→ Description of the task
For this exercise, return only the lines in the records below from the one holding "Женская сумка премиум" through the one holding "Sziqiqi Faux Silk", including both, exactly as they appear and without pictures.

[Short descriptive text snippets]
━━━
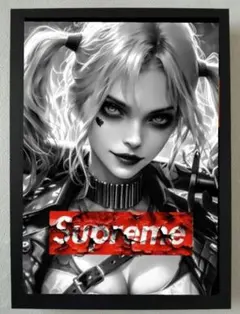 ハーレイクイン　アート　ポスター　フレーム付き　壁掛け　額装　パロディー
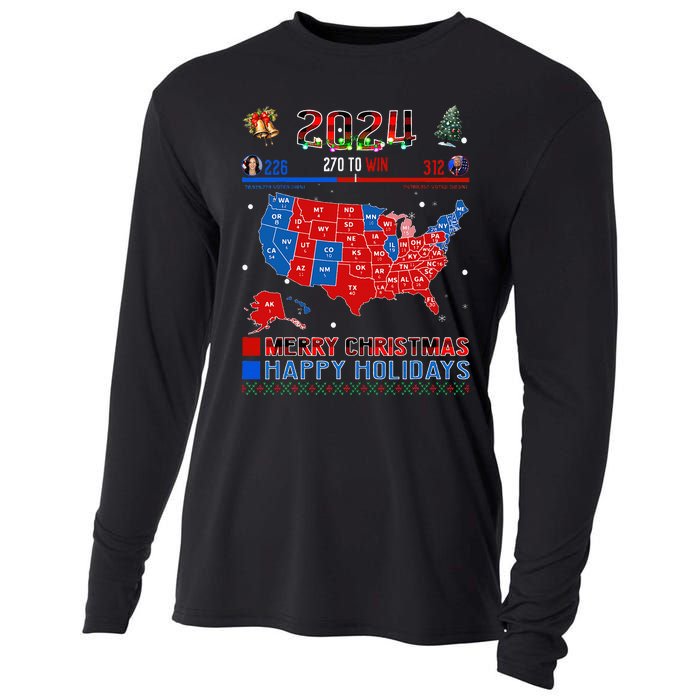 2024 Electoral Map Merry Christmas Trump Landslide Holiday Cooling Performance Long Sleeve Crew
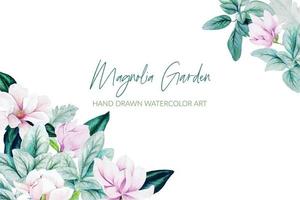 Watercolor magnolia leaves  and flowers, bright colors, corner frame, hand drawn vector illustration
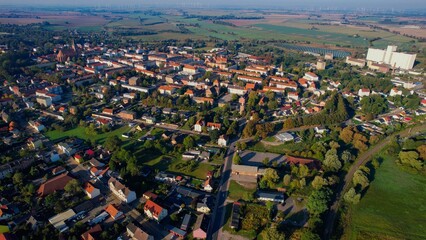 Aerial panoramic view around the old town of the city Pasewalk on a sunny morning in summer in...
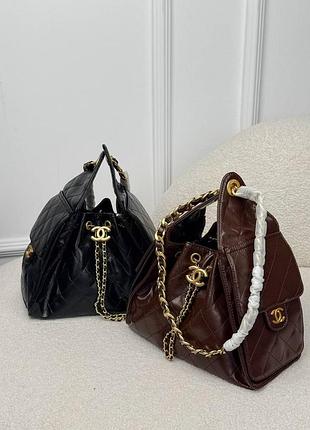Женская сумка премиум 25 bag brown/black with gold hardware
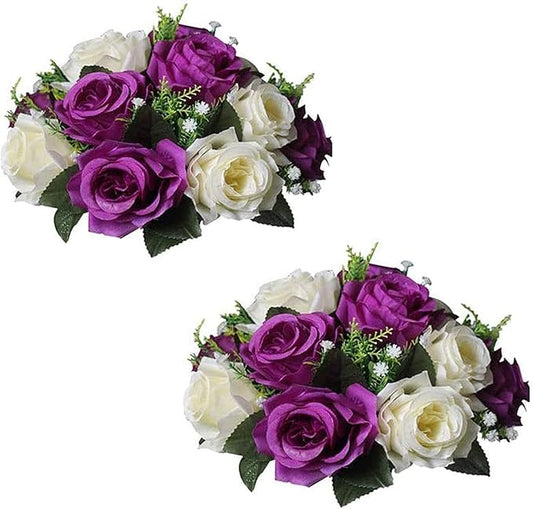 Sziqiqi Faux Silk Rose Flowers Artificial Flowers for Wedding Party Centerpiece Decorations Home Decorative Flowers, Pack of 2 Purple & White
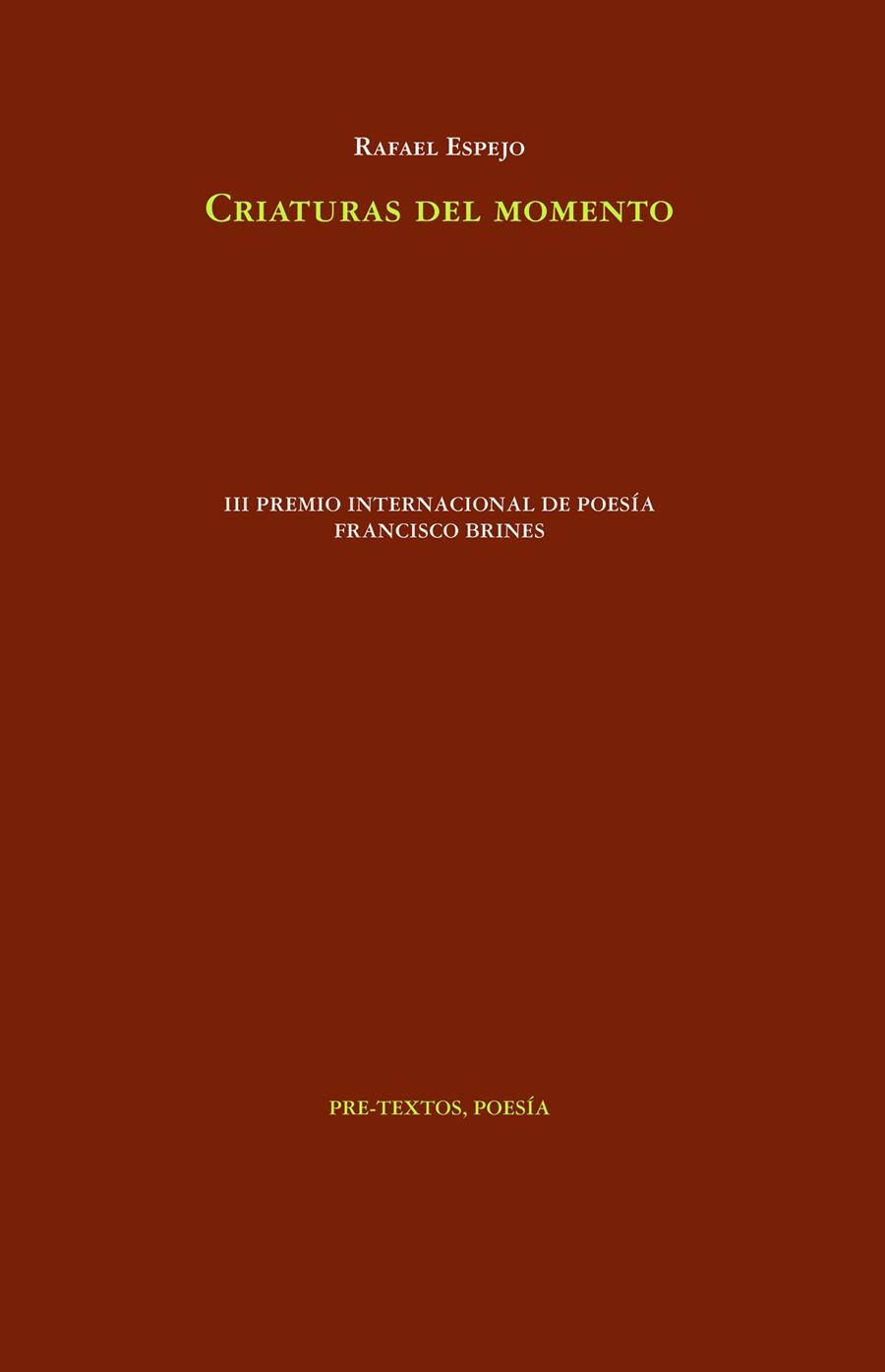 CRIATURAS DEL MOMENTO | 9788419633583 | ESPEJO, RAFAEL | Galatea Llibres | Librería online de Reus, Tarragona | Comprar libros en catalán y castellano online
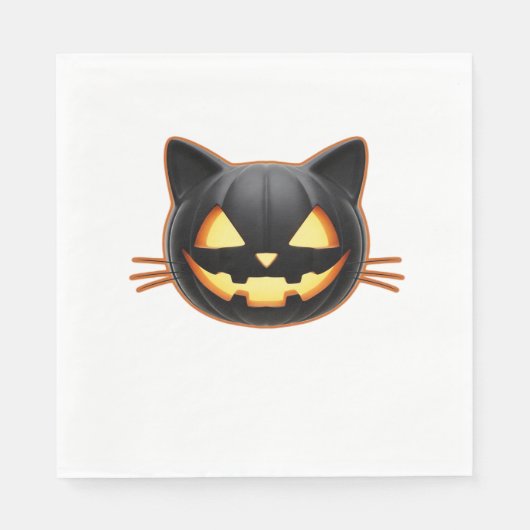 Black Cat Jack o'Lantern Emoji Classic T-shirt Servet (Voorkant)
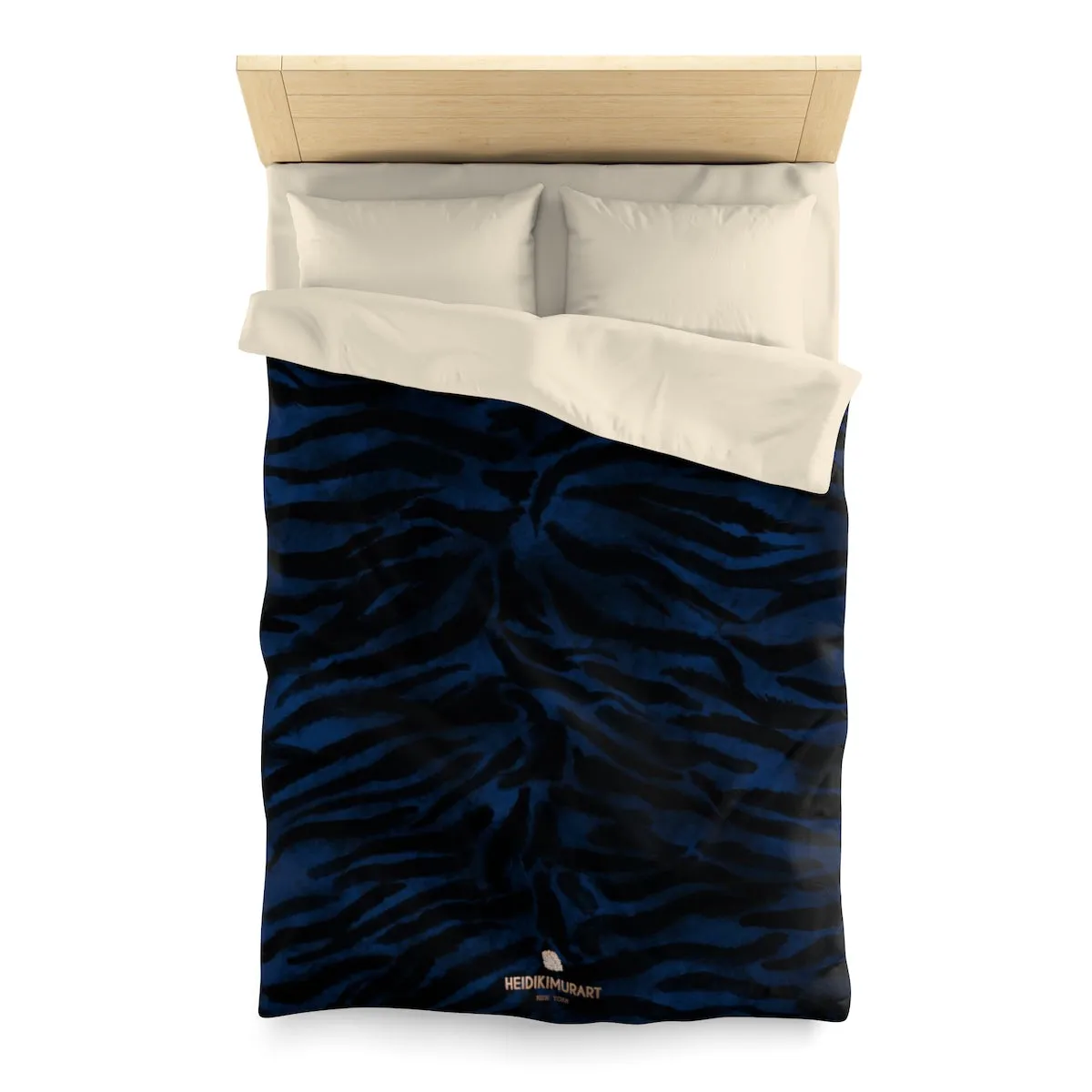 Blue Tiger Stripe Duvet Cover, Animal Print Queen/Twin Size Microfiber Cover-Made in USA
━━━
→ Written reply
Женская сумка премиум 25 bag brown/black with gold hardware
 Sziqiqi Faux Silk Rose Flowers Artificial Flowers for Wedding Party Centerpiece Decorations Home Decorative Flowers, Pack of 2 Purple & White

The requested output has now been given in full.